The problem:
Set down, unchanged, the line holding "The Perks of" and all lines that follow it to the end of the material, leaving pictures out.
Provided data Start Marker
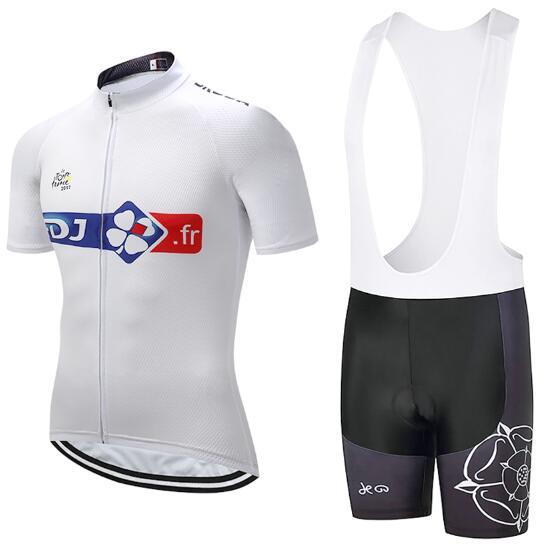 usa TEAM fdj summer custom SHORT SLEEVE cycling set JERSEY freeship clothing SUITS maillot ropa ciclismo camisa mtb bicicleta bib shorts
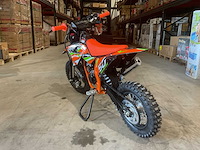 2025 ultra motocross koshine 50cc 12/10” or crossmotor - afbeelding 8 van  13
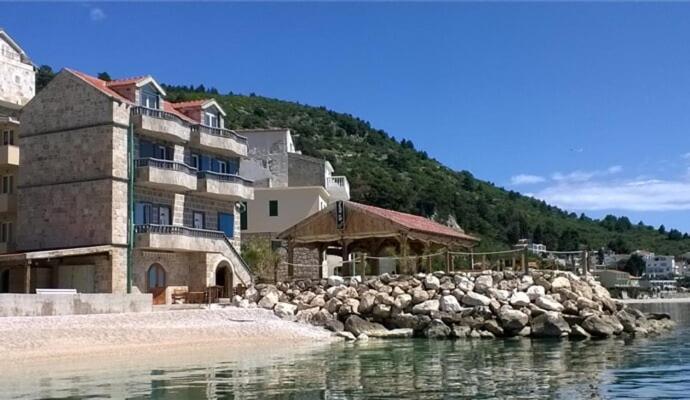 Villa Nevia 1 Драшнице Екстериор снимка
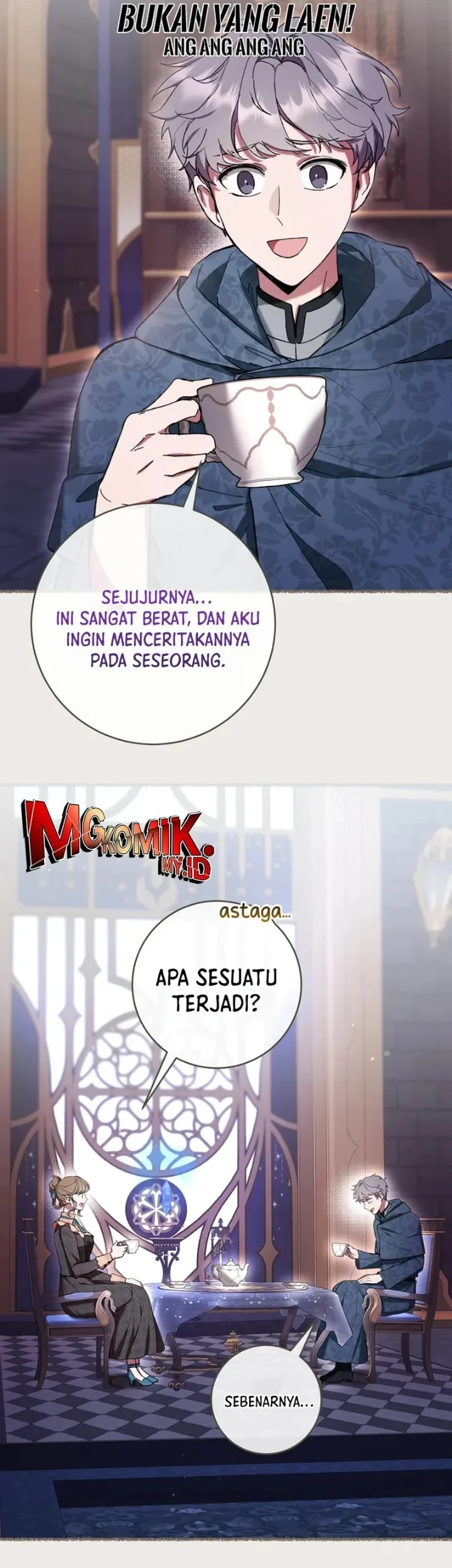 The Perks of Being a Villainess Chapter 84 - halaman 26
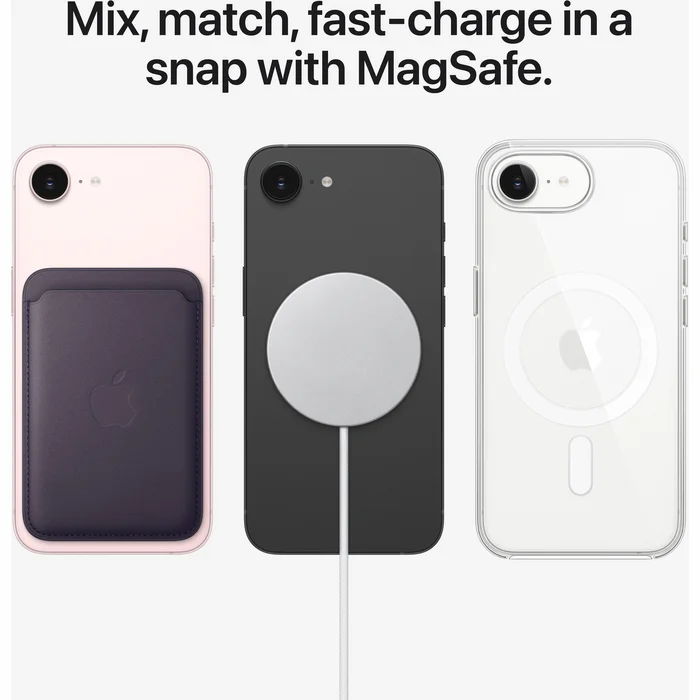 Apple iPhone 17e 512GB Soft Pink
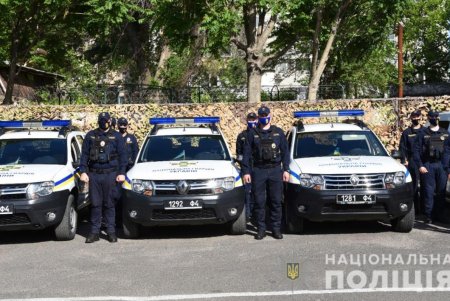 В Одессе открыли четыре станции круглосуточной туристической полиции (фото, видео)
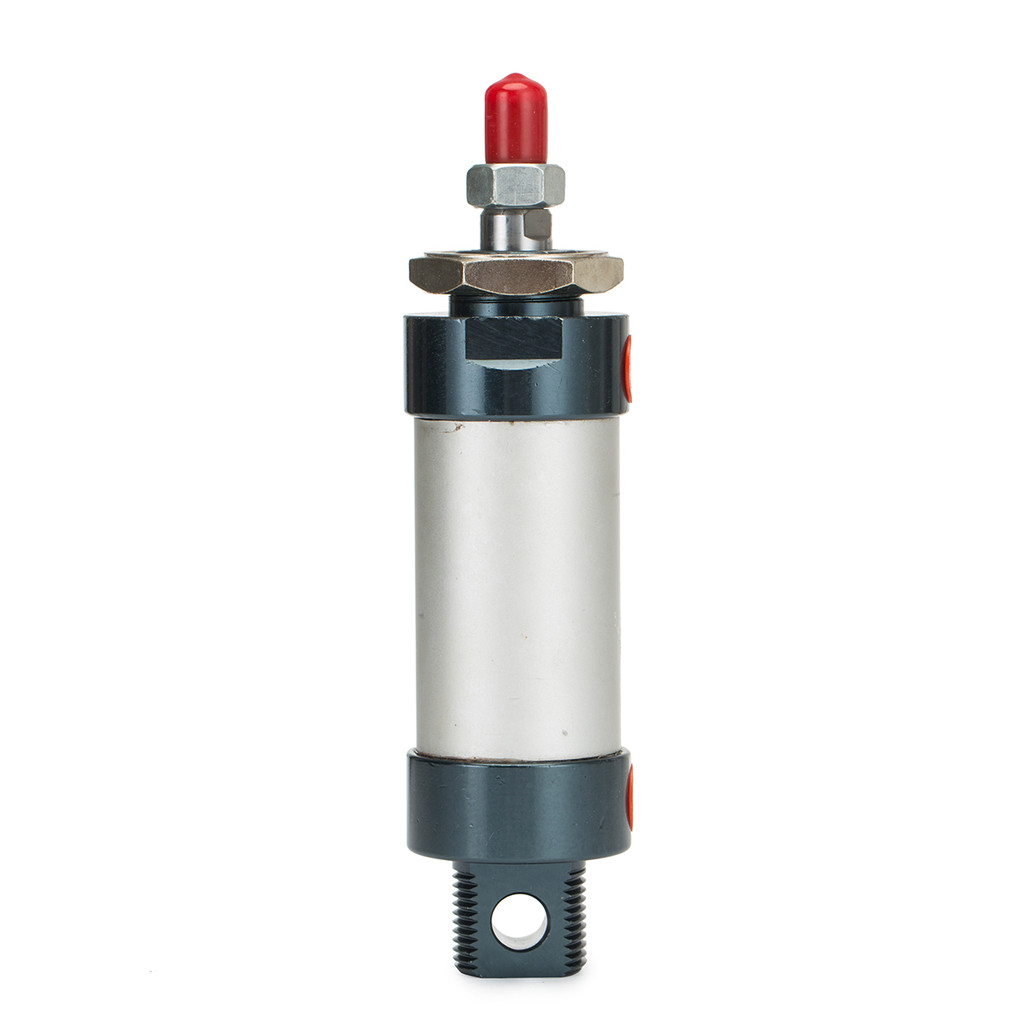 BELI SEKARANG Double Action Alumimum Alloy Min Air Pneumatic Cylinder MAL 40*25 mm ED7BG   FAVORIT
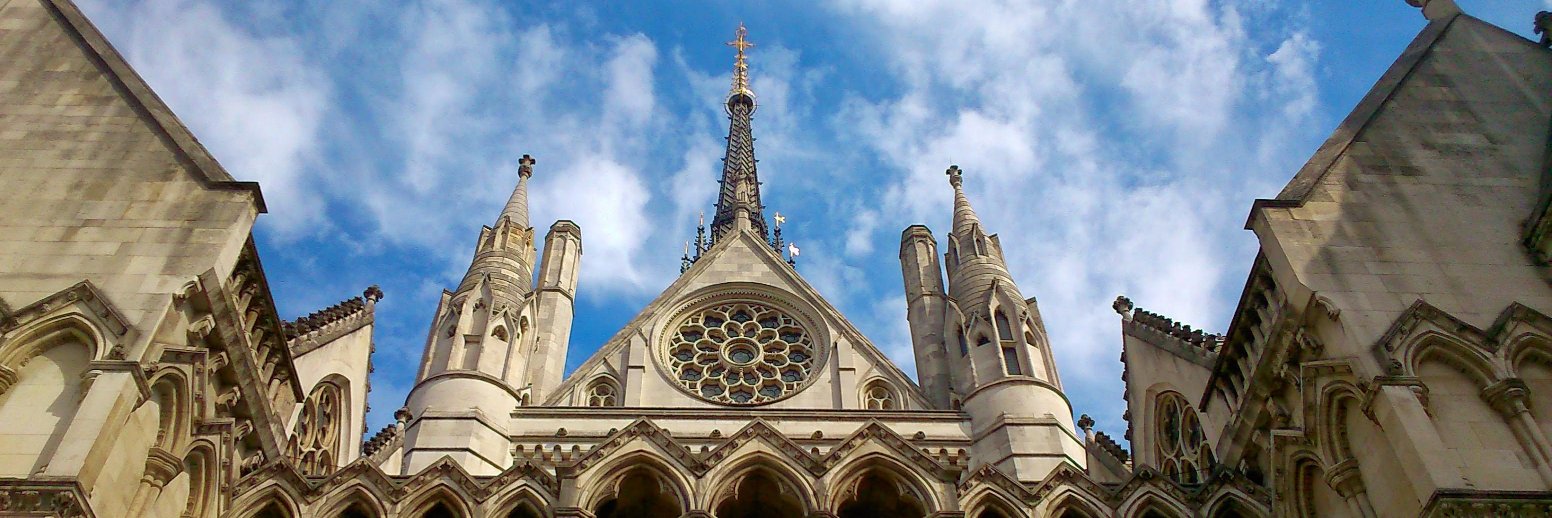 Junior Lawyers HRLA banner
Provided data End Marker
Result of the task:
 The Perks of Being a Villainess Chapter 84 - halaman 26
 Apple iPhone 17e 512GB Soft Pink
 В Одессе открыли четыре станции круглосуточной туристической полиции (фото, видео)
 BELI SEKARANG Double Action Alumimum Alloy Min Air Pneumatic Cylinder MAL 40*25 mm ED7BG   FAVORIT
 Junior Lawyers HRLA banner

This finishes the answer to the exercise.